Personally, I am thankful for all this “third career” has given me – but particularly, the opportunity to work with the finest organization in the business, marketing products that not just I, but our entire professional team, believes in, and invests in personally. To that end, I look forward to serving your Precious Metals needs for as long as the industry remains; and thus, helping you PROTECT YOURSELF from the inevitable monetary outcome of the collapse of history’s largest, most destructive fiat Ponzi scheme.

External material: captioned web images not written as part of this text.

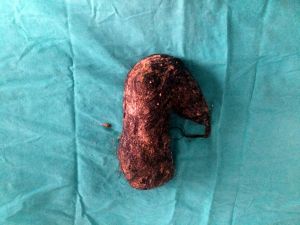 Midesinden 850 Gram Saç Çıktı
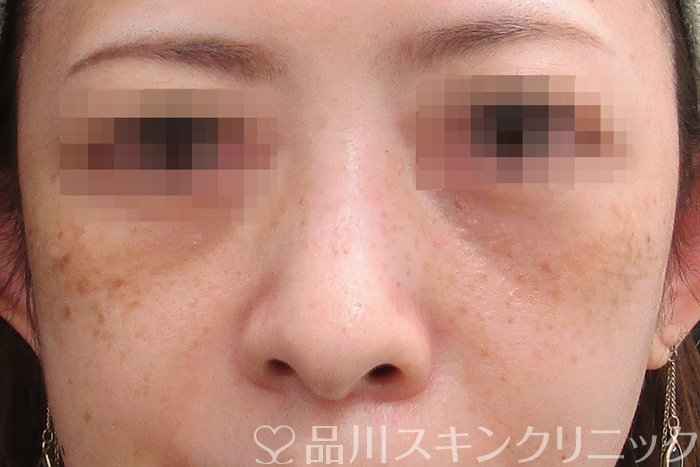 症例NO.75097のBEFORE写真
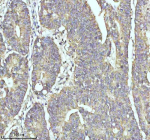 Immunohistochemical staining of MYH14 using anti-MYH14 antibody. MYH14 was detected in a paraffin-embedded section of human colon cancer tissue. Heat mediated antigen retrieval was performed in EDTA buffer (pH 8.0, epitope retrieval solution). The tissue section was blocked with 10% goat serum. The tissue section was then incubated with 2 ug/ml rabbit anti-MYH14 antibody overnight at 4oC. Peroxidase Conjugated Goat Anti-rabbit IgG was used as secondary antibody and incubated for 30 minutes at 37oC. The tissue section was developed using an HRP secondary and DAB substrate.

Just a quick note to say thank you for keeping us informed with the truth.
Thanks for your hard work, Andy. Great column post. Today, in fact, having just seen the ZeroHedge article that house prices have now “topped” (since 2006), I recommended that a good friend who is moving from Chicago to Palo Alto, sell his house in Chicago immediately, and buy silver Eagles from Miles Franklin. I hope that he follows my advice!